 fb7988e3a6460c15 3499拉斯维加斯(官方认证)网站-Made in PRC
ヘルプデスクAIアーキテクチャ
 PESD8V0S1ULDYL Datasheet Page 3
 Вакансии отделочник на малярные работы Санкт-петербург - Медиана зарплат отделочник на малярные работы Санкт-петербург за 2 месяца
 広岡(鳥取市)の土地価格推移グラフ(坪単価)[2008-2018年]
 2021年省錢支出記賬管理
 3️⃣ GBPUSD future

# # #

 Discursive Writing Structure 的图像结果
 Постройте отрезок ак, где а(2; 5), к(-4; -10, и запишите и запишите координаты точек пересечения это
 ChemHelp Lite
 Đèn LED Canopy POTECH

# # #

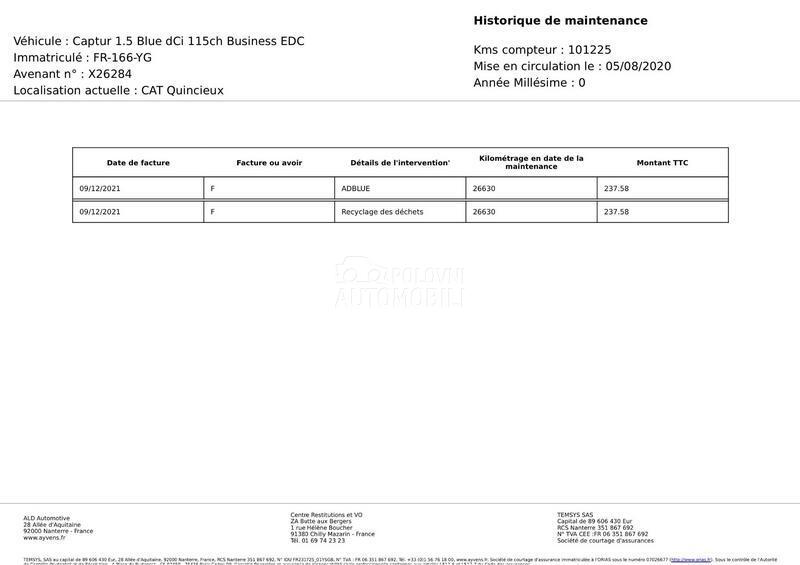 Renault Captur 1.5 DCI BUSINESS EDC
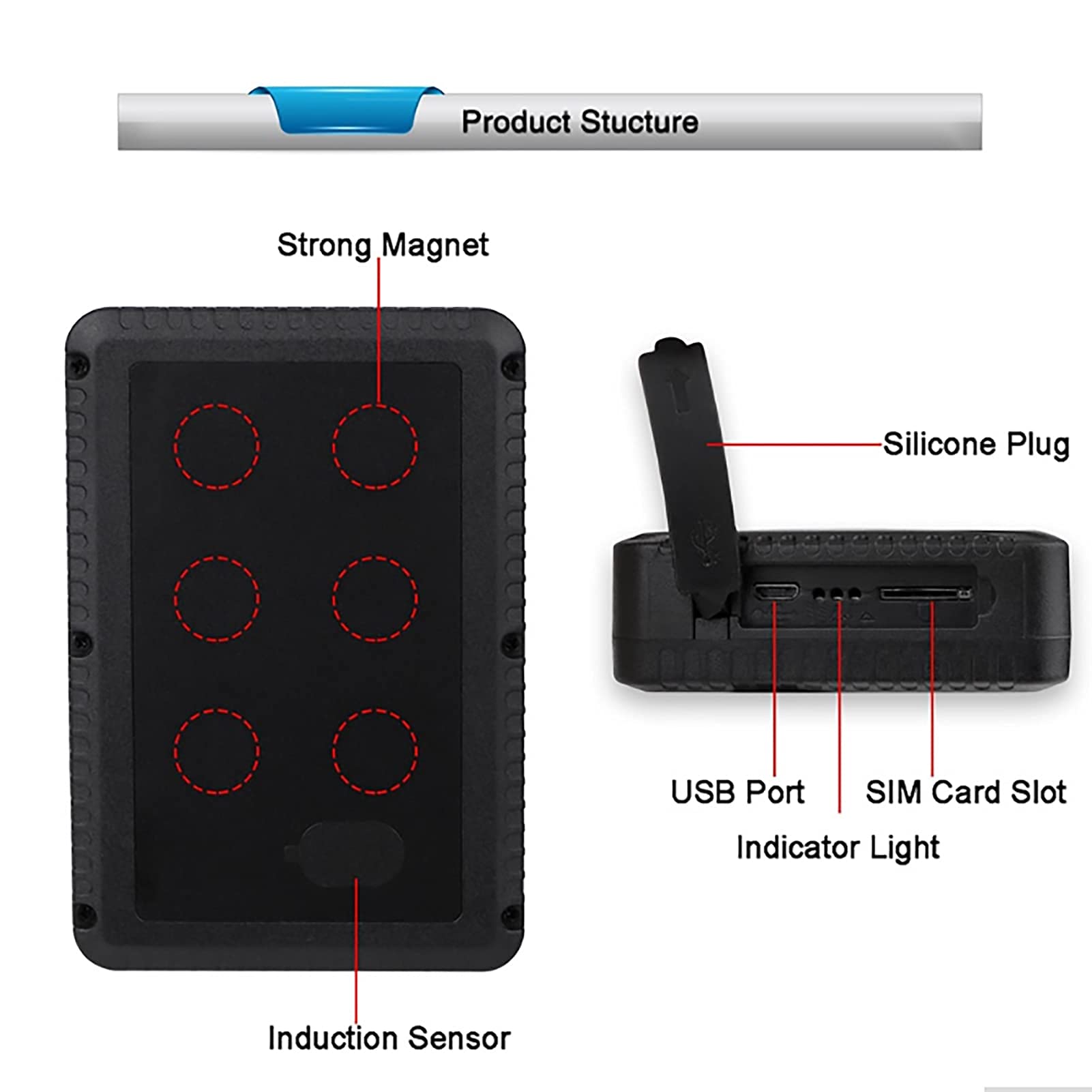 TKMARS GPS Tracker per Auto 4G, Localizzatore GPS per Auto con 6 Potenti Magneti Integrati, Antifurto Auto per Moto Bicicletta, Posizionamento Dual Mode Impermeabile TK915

# # #

• Task item: Using the data above, reproduce exactly the lines from the line that contains "Постройте отрезок ак, где" through the line that contains "Đèn LED Canopy POTECH", including both.

• Finished exercise:
 Постройте отрезок ак, где а(2; 5), к(-4; -10, и запишите и запишите координаты точек пересечения это
 ChemHelp Lite
 Đèn LED Canopy POTECH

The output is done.